**Source data:**
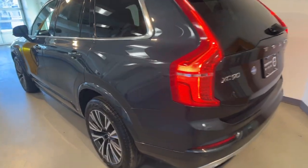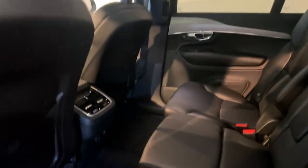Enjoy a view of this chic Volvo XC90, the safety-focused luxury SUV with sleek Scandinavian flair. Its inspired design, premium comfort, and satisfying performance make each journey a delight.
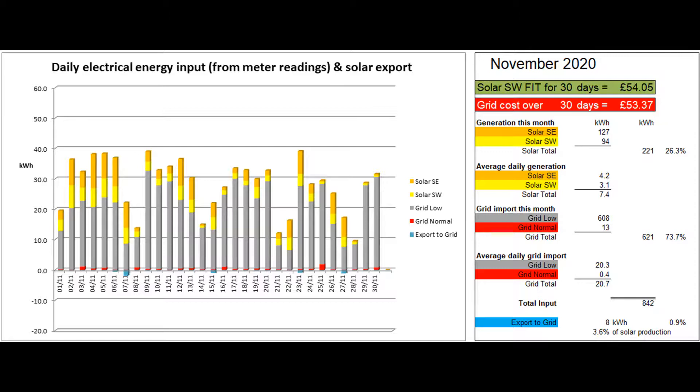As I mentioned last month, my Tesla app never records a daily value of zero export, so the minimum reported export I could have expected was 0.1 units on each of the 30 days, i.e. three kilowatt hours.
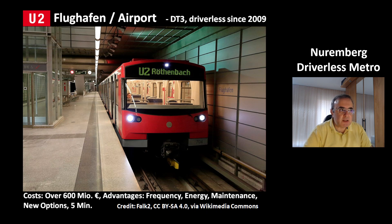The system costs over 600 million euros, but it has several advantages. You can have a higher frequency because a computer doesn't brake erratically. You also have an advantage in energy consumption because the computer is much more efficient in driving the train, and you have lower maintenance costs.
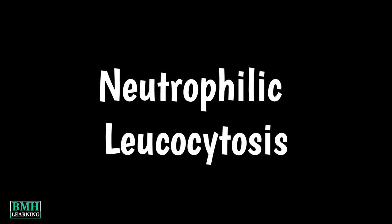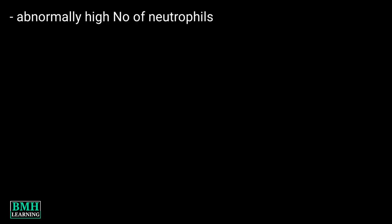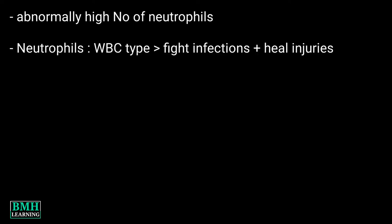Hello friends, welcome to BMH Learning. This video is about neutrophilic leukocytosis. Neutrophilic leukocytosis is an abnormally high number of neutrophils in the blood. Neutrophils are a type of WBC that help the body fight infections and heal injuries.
==
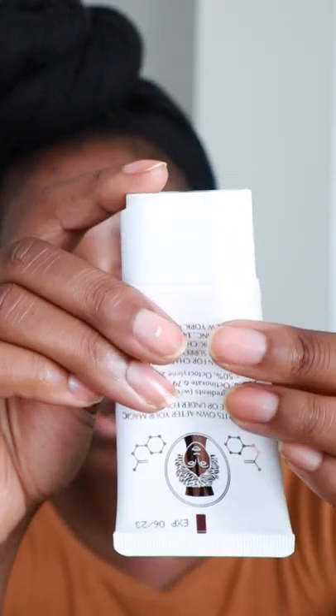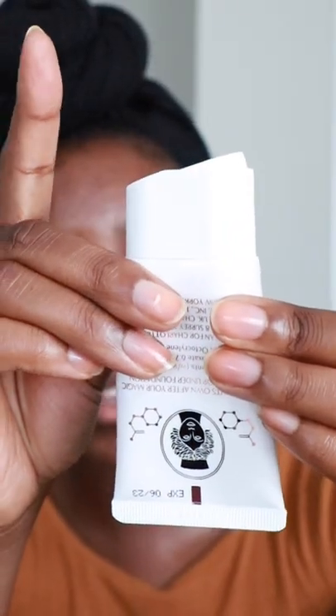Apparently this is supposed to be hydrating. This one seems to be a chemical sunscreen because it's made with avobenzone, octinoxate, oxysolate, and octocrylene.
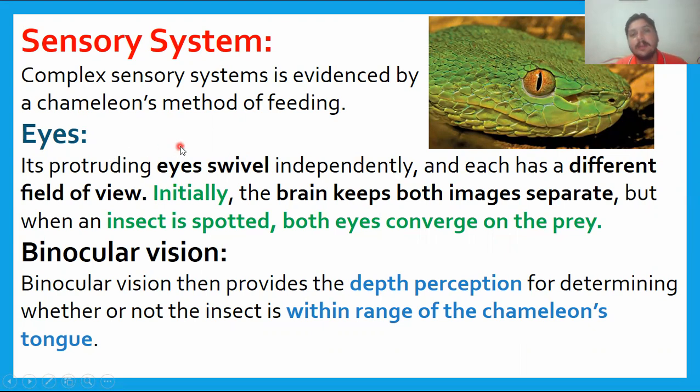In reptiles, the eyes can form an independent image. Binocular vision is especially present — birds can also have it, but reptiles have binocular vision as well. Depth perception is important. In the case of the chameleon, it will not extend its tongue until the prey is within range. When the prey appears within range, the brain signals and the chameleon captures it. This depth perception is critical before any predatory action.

**Task directions:** Respond with the exact lines above running from the one containing "Enjoy a view" to the one containing "The system costs", both ends kept and no pictures included.

**Response below:**
Enjoy a view of this chic Volvo XC90, the safety-focused luxury SUV with sleek Scandinavian flair. Its inspired design, premium comfort, and satisfying performance make each journey a delight.
As I mentioned last month, my Tesla app never records a daily value of zero export, so the minimum reported export I could have expected was 0.1 units on each of the 30 days, i.e. three kilowatt hours.
The system costs over 600 million euros, but it has several advantages. You can have a higher frequency because a computer doesn't brake erratically. You also have an advantage in energy consumption because the computer is much more efficient in driving the train, and you have lower maintenance costs.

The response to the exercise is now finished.